While traveling the Sakon Nakhon countryside, you’ll not only see lush, green rice paddies, but also verdant sugar cane fields. Over the past decade, the Thai government has tried to help farmers increase their income by giving them subsidies to replace rice crops with sugar cane. This is because rice prices have been dropping, and sugar cane can bring a higher profit. 80% of the world’s sugar comes from sugar cane, while 20% comes from sugar beets (which are also grown in Thailand)
Thailand has had large sugar cane farms since the 1950s (after the first mill opened in 1938), with the country now being the second largest exporter of sugar in the world. Sugar cane is thus one of Thailand’s most important crops, with 1.76+ million hectares cultivated, 130+ million tons of cane crushed, and over 7 billion dollars generated. It’s only in more recent years that small sugar cane producers have dramatically increased, and while higher profits can be had, a number of problems have also emerged.
One issue is that small sugar cane farmers in Thai provinces like Sakon Nakhon either don’t have access or the resources to rent sugar cane harvesting machines. Thus they burn the sugar cane stalks to make the harvesting of the leaves much easier (It’s the leaves of the sugar cane plant which are processed into sugar). This burning contributes to air pollution.
Another problematic situation which can arise is the weather. Sugar cane is more sensitive than rice to droughts, as well as too much rain. And in recent years, Northeastern Thailand (Isaan) has be subject to fluctuating weather patterns that have affected the sugar cane yields. This has been especially true for Sakon Nakhon weather and sugar cane cultivation.
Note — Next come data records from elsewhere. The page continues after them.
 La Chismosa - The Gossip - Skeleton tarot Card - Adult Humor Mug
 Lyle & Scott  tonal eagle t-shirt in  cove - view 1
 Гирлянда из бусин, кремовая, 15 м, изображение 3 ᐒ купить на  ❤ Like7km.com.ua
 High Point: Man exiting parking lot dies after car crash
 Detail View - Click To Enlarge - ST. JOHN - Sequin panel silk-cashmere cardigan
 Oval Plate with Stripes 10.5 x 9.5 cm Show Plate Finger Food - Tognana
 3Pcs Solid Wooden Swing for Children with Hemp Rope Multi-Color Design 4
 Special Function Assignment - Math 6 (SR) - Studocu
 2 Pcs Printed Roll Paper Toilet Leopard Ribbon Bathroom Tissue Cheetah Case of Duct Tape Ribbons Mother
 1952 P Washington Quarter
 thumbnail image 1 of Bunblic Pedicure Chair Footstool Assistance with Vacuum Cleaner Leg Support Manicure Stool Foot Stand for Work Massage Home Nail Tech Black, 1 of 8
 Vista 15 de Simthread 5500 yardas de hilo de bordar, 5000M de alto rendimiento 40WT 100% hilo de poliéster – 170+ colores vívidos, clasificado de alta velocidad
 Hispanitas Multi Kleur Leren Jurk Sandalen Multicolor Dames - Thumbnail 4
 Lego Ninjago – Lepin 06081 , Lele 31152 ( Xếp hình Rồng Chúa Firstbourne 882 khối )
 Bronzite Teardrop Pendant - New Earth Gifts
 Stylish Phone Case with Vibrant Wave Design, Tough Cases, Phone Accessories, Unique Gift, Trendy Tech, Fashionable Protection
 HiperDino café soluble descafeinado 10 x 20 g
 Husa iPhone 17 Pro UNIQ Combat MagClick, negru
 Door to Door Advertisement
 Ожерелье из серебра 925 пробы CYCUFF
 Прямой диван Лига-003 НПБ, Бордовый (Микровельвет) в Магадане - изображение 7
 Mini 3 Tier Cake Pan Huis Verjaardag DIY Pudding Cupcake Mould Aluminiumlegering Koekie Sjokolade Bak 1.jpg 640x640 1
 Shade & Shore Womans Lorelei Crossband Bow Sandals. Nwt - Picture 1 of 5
Despite these issues, sugar cane farming continues to grow, as demand is strong. Both Sakon Nakhon rice and sugar cane are noted for their high quality. The 4 main types of sugar that local Thai factories produce from sugar cane are: raw sugar (which is dark brown), golden cane sugar (light golden brown), white sugar (used in both homes and restaurants), and refined sugar (used frequently in food manufacturing).